◆ Task brief ◆
Go through the data below and transcribe it exactly. Omit the images.

[Recorded data]

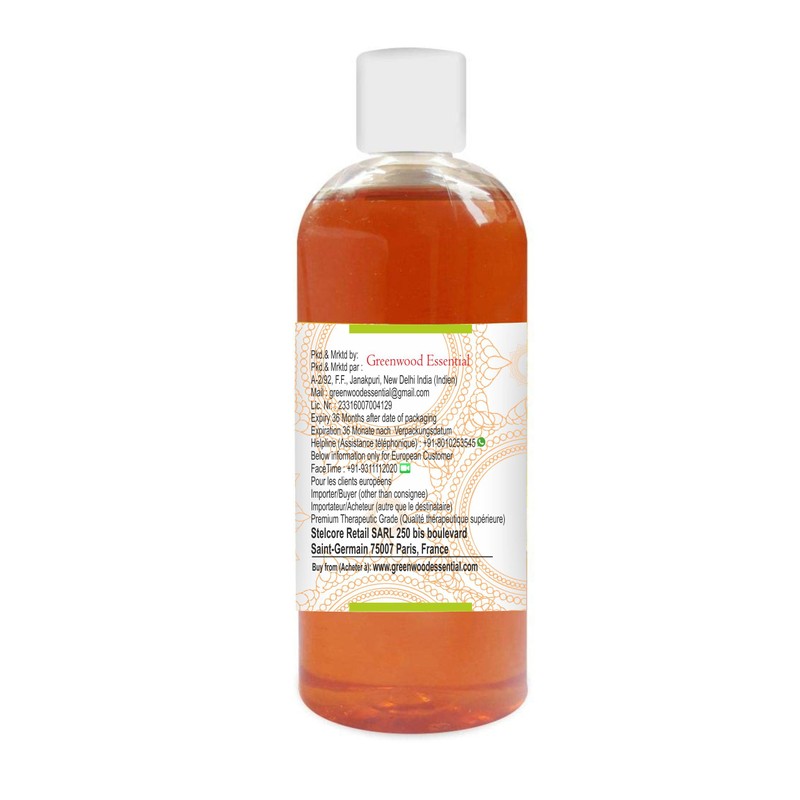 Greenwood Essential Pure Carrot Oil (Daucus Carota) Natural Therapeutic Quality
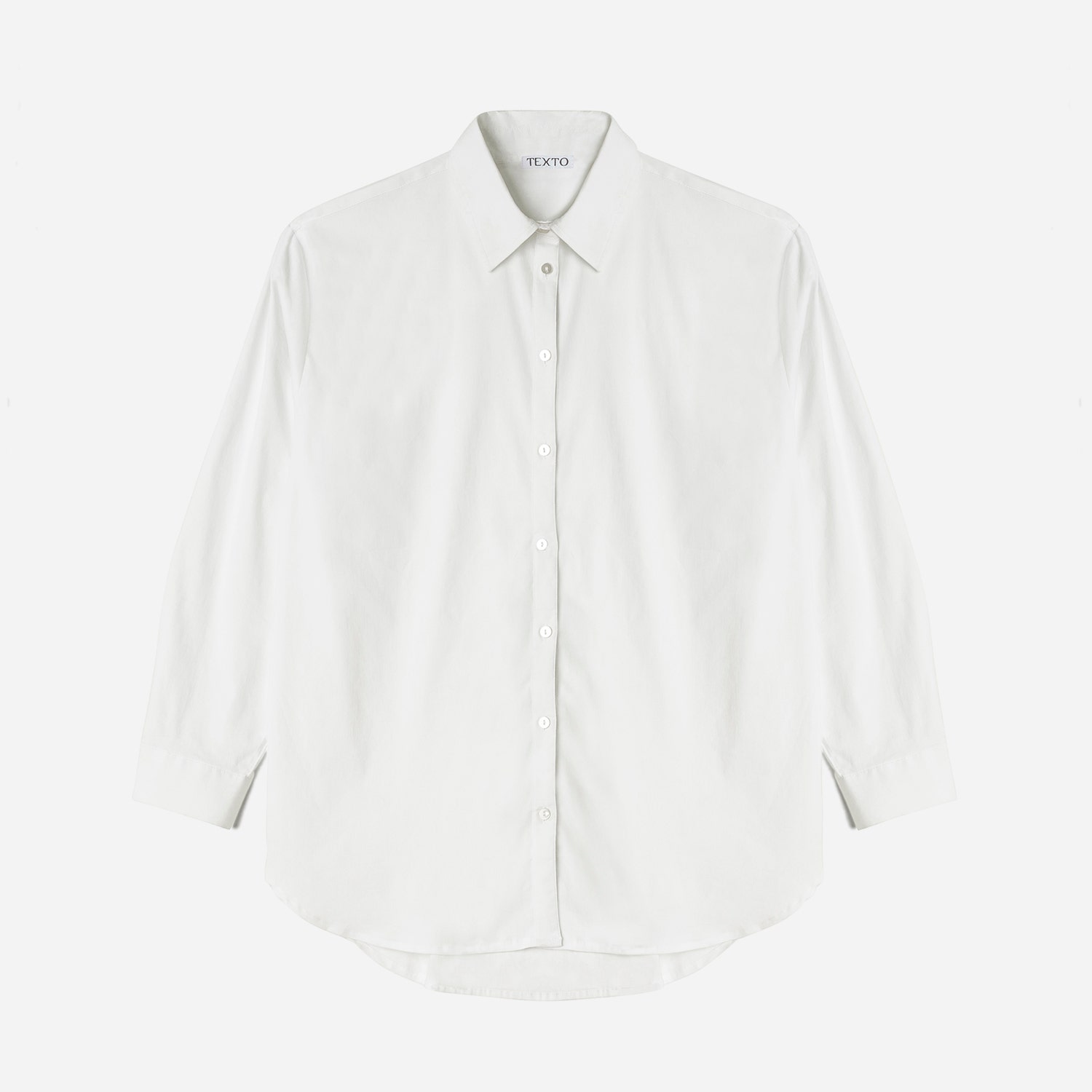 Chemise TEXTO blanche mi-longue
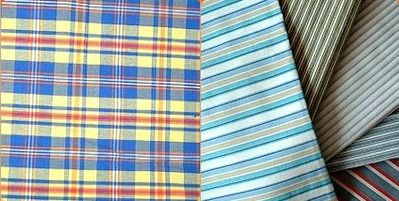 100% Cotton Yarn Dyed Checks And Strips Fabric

[/Recorded data]

◆ Output for this task ◆
 Greenwood Essential Pure Carrot Oil (Daucus Carota) Natural Therapeutic Quality
 Chemise TEXTO blanche mi-longue
 100% Cotton Yarn Dyed Checks And Strips Fabric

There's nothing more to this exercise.